The demands of our hectic lives keep increasing; atheism is that perfect fit. Who has time for thinking about what comes after death when living this life occupies every waking moment? We think of the meaning and purpose of our lives only in odd moments, like when our friends share what they believe in around a campfire or at a quiet, unexpected time.
If we wonder why we are alive and what purpose living serves, it is because we make plans and set goals. This is something we learned to do when we were children. We learned to live this way from our parents, who also had plans and dreams for their lives. Until recently, before the advent of mass population-wide acceptance of atheism, religion played a central role, assuring us of an ultimate happy ending to our lives if we believed in what religion taught us.
These days, many of us have been heavily influenced by atheism, so when life opposes us or thwarts our designs, every step toward our goals is an individual effort without much support. We are alone with that nagging question: What point is there to living when being alive can be so hard? Sometimes, we feel almost mocked by our childlike faith in our future: At the end of it all, we win, right? We cross the finish line of life as winners, aglow with victory. Satisfied. Happy forever.
Let’s look at the broader picture that atheism paints for us. When we die, everything we worked for starts to go away. Others might build on our achievements, but eventually, we will not be remembered. Eons of time passing ensures this. Our civilization will decay and fall. And, of course, we are dead forever.
If we evolved in this random ecosystem and are doomed to die, we should be adapted to living meaningless lives. Why do we set goals when everything goes away? Why do we care what happens to us when life has run its course?
Why these things matter is simple. God created us. God exists forever in eternity, and that is where we are headed. We may have evolved in some sense in this environment, but the spark, the will to live, comes from God. So, the atheist needs to explain why people do not believe that their lives are pointless. Atheism needs to explain why we struggle against death when we should embrace it.
If you want to believe that life ends at death, you are in plenty of company. There are the true atheists who lie awake at night dreaming of new arguments to prove the futility of religion, the practical atheists who hardly think of God in their day-to-day life, and the religious atheists whose lives are untouched by a religion’s teachings and who believe that an hour a week in a strange looking building suffices as a kind of religious insurance policy.
God exists, and what is more, we all live as if God exists. The proof of this is in our purposeful lives, even though death robs us of everything. Let’s go back to that lottery ticket I wrote about.
I’m a Roman Catholic. I don’t like lotteries because they encourage people to believe they can become rich through luck when hard work is usually needed to succeed. But that is beside the point. I compared atheism to losing in a lottery.
What I don’t get when I talk to people is how easily they accept atheism in either of its three varieties. If I offered you a chance to win a million dollars, would you turn it down? No, seriously. Here is a ticket. Take it for free. Would you throw it away?
But this is what people routinely do when religion is discussed.

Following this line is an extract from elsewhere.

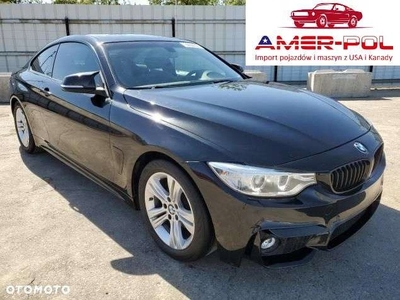 BMW Seria 4 F32-33-36 Coupe 428i 245KM 2015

What if atheists die and Roman Catholics have a chance to live a perfect life with God forever? Don’t we get what we hope for? Atheists have no real hope beyond the grave. This life is everything for them. This life is all that they will get.
If you have read this far, you are one of the lucky few who have a chance to live forever with God. Don’t waste this opportunity. Listen to that spark in you, that part of you that refuses to believe that you will cease to exist. Read more in this blog. Investigate Roman Catholicism. Ask questions. I look forward to hearing from you.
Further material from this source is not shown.